March 7 2017
ALBANY, NY – Senator Cathy Young is trying to get two bills passed to fight heroin dealers. One of the bills would make it a bigger crime to sell heroin to kids and in places where children hang around. The other would make it easier to charge heroin dealers for being a major drug trafficker, by reducing the amount of money made of the deal from $75,000 to $25,000. The second piece of anti heroin legislation would also make a major drug ring when three drug dealers are arrested (instead of four drug dealers).
See full statement below:
With thousands of New Yorkers struggling against heroin and opioid addiction, new and powerful tools are needed to bring those who sell and traffic these drugs in our community to justice.
To combat the sale of heroin and other illegal drugs, Senator Catharine Young (R,C,I- 57th District) has joined her colleagues to pass legislation that would make it easier to impose harsh penalties on those who profit off sales of heroin and opioids.
“The heroin epidemic continues to devastate people of all ages and from all walks of life. Our local district attorneys and law enforcement agencies have shared with me the struggles they encounter when bringing charges against someone in cases related to heroin. With heroin’s relatively low street value and the high standards needed to bring charges, it can be difficult for someone to face serious punishment, even in cases where someone has died,” Senator Young said.
“Livingston County Sheriff’s deputies arrested two men in December with over 20 bags of heroin. The Southern Tier Regional Drug Task Force regularly executes warrants against dealers in our region. Our law enforcement officers are doing their job to the best of their abilities within the current laws. If criminals are taking orders from someone above them, or if a connection can established with other dealers locally, we should be able to charge them as a major drug trafficker so that we can get these drugs off the streets permanently. This legislation will provide greater assurance that people who peddle these poisons are held responsible for their misdeeds,” Senator Young said.
The bills were among a series of recommendations developed in a report produced by the Senate’s Joint Task Force on Heroin and Opioid Addiction in 2016.

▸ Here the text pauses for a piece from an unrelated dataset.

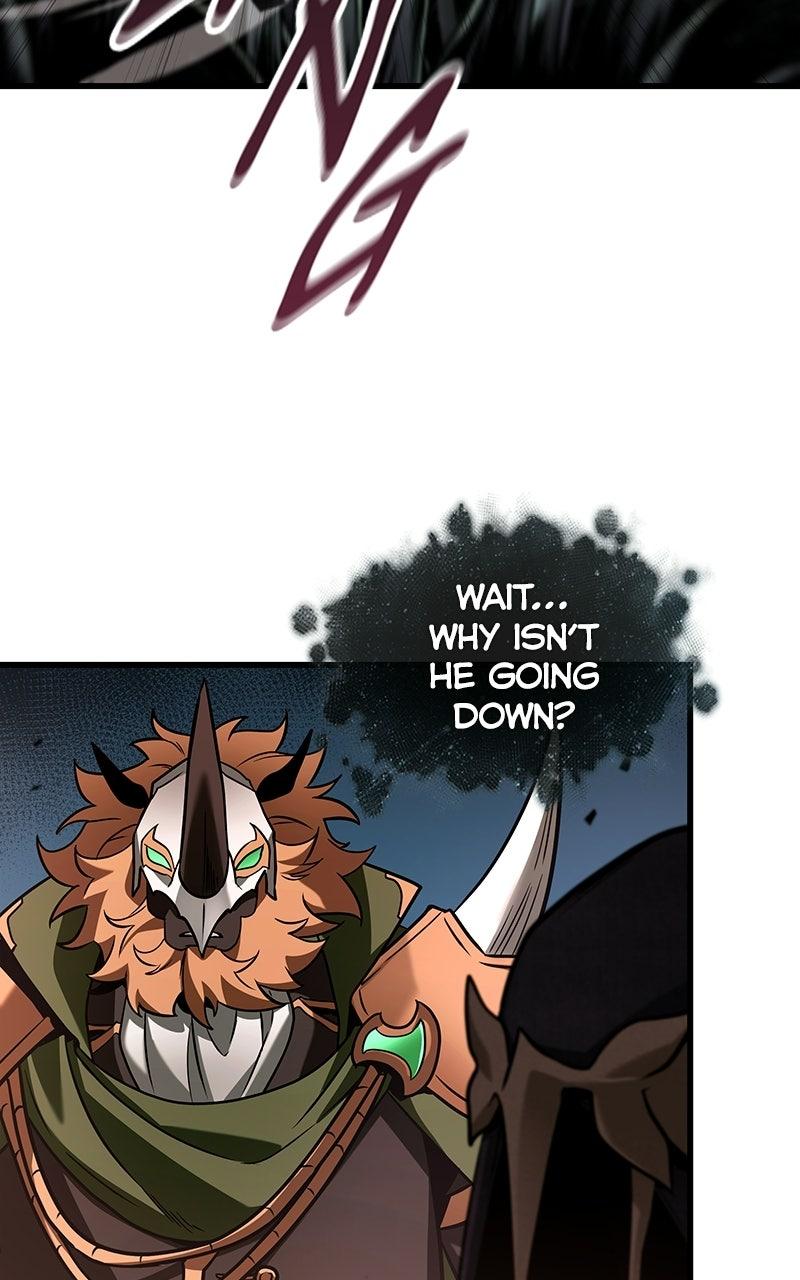 Chapter 298 — Chapter 298 — Page 20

Senate Bill 301, co-sponsored by Senator Young and passed by the Senate, strengthens existing laws to facilitate the successful prosecutions of major drug traffickers. Current law makes it difficult to prosecute heroin trafficking because it can be too difficult to prove the criminal enterprise that must exist to convict a major trafficker. The bill modernizes provisions of current anti-drug laws by: reducing the number of people needing to be involved and charged from four to three; lowering from $75,000 to $25,000 the minimum required proceeds from the sale of controlled substances per year to reflect the low street prices of heroin; and expanding law enforcement’s ability to charge lower-level participants in drug trafficking.
Senate Bill 814A, which also passed the Senate, adds “park grounds and playgrounds” to the statute currently providing increased penalties for the sale of controlled substances. The bill increases the penalties for dealers who sell drugs on school grounds or daycare centers by expanding the provisions to include parks and playgrounds that may not be directly attached to a school, which enhances district attorney’s ability to crack down and prosecute drug dealers who target sales to children.

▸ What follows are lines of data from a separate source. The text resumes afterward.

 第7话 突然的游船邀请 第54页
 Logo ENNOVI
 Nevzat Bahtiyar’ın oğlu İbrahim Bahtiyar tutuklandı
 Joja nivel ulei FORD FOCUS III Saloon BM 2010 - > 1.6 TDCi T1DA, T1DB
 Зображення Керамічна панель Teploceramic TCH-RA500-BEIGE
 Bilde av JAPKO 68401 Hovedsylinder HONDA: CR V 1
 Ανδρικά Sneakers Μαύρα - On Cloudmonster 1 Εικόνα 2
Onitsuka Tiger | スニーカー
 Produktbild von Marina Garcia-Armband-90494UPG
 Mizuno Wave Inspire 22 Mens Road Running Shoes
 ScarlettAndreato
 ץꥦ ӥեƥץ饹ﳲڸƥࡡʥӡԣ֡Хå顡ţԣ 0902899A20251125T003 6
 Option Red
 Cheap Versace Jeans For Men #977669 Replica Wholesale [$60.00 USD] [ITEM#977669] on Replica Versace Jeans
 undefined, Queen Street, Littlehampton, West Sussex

“If we are ever truly going to end the destruction heroin is wreaking in our communities, we all need to work together on all levels of government to get people the treatment they need and to prosecute those with ill intent. By refining the laws to match the reality on the streets, we can begin to turn the tide on drug dealers and start to reclaim our communities,” Senator Young said.
The Joint Senate Task Force on Heroin and Opioid Addiction, on which Senator Young serves, has held hearings across the state that included input from dozens of experts, parents, recovering addicts, and concerned New Yorkers affected by addiction. The Task Force’s work culminated in the release of a report that focused on four key areas to combat the epidemic, including prevention, treatment, recovery and enforcement.